START Dataset section
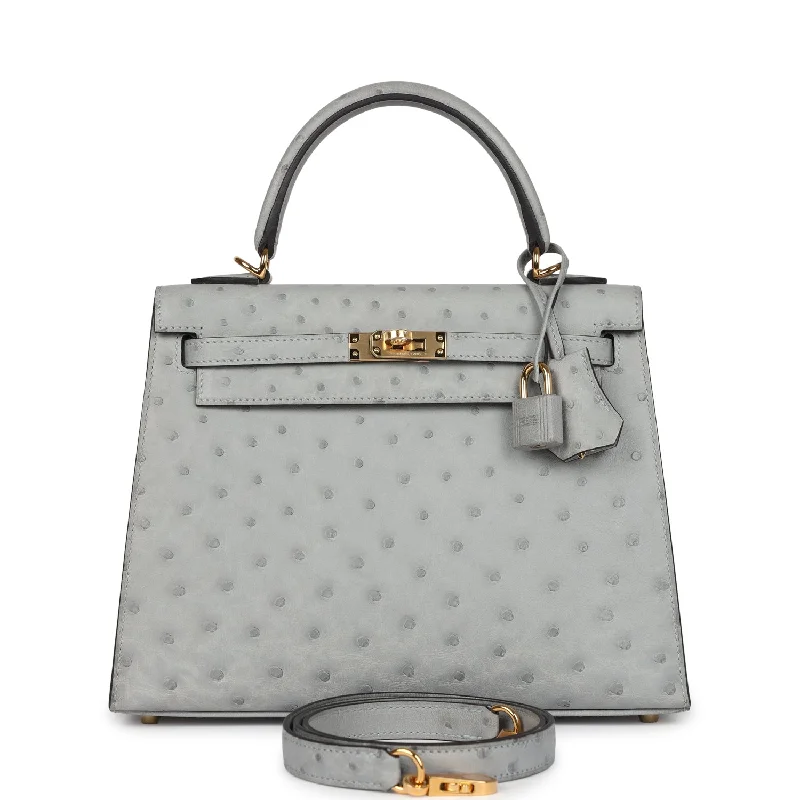 Modern And Limited-Time Offer Bags Hermes Kelly Sellier 25 Bleu Glacier Ostrich Gold Hardware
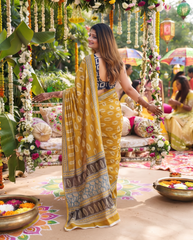 Abeer Mustard Blossom Saree 🌼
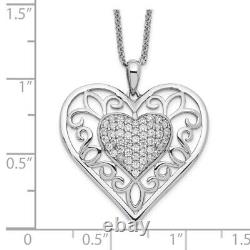 925 Sterling Silver Vintage CZ Heart Necklace for Daughter 18 inch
END Dataset section
## Requirement
The reply should repeat the data in full, exactly as given, and contain no pictures.

## Answer for the task
 Modern And Limited-Time Offer Bags Hermes Kelly Sellier 25 Bleu Glacier Ostrich Gold Hardware
 Abeer Mustard Blossom Saree 🌼
 925 Sterling Silver Vintage CZ Heart Necklace for Daughter 18 inch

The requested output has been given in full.